To me this definitely looks like some timing / race condition somewhere. It’s unclear that 6.18 does actually fix it. It might just get lucky, especially considering that adding all changes to drivers/platform/chrome onto 6.17.10 does not fix the issue.

@MrChromebox have you seen any of these issues (B, C, and D) on any of your devices? I’m seeing this on both roric and craasneto. If you haven’t could you try looking at the dmesg from ~10 or so boots?

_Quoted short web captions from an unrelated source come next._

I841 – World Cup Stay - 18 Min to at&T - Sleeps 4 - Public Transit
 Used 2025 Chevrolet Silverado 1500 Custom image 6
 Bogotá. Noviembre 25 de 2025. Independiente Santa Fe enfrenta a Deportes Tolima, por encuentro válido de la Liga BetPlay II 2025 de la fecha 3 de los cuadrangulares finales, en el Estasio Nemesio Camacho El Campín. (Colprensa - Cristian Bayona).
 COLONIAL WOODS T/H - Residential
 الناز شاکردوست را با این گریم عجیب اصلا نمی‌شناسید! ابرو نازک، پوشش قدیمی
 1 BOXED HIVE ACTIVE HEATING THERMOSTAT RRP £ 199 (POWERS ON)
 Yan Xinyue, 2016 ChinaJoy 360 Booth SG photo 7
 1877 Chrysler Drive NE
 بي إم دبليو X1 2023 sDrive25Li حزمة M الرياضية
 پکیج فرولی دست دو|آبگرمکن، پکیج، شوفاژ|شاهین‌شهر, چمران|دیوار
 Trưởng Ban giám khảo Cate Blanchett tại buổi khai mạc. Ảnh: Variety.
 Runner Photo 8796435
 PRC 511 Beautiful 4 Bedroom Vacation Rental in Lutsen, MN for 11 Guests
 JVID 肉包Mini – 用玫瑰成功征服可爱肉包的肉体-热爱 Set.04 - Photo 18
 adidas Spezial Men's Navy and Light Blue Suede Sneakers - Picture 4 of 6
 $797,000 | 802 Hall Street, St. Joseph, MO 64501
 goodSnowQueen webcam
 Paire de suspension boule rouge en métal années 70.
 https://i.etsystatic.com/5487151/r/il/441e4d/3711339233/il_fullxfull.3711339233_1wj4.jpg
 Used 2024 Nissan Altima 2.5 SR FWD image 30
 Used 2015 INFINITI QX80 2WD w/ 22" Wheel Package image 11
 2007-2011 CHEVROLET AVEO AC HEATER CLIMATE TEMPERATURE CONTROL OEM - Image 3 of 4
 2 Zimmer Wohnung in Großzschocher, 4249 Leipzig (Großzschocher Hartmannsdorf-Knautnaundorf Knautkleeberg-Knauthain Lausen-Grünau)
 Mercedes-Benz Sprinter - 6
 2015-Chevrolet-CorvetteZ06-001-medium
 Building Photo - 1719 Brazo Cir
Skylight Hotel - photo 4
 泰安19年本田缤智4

Also found this commit message particularly noteworthy:

commit 56cb557279d70397cefb497e0f06bdd6fd685f8e
Author: Tzung-Bi Shih <[email protected]>
Date:   Thu Aug 28 08:36:00 2025 +0000

    platform/chrome: cros_ec: Add a flag to track registration state
    
    Introduce a `registered` flag to the `struct cros_ec_device` to allow
    callers to determine if the device has been fully registered and is
    ready for use.
    
    This is a preparatory step to prevent race conditions where other drivers
    might try to access the device before it is fully registered or after
    it has been unregistered.
    
    Link: https://lore.kernel.org/r/[email protected]
    Signed-off-by: Tzung-Bi Shih <[email protected]>

Maybe related: Making sure you're not a bot!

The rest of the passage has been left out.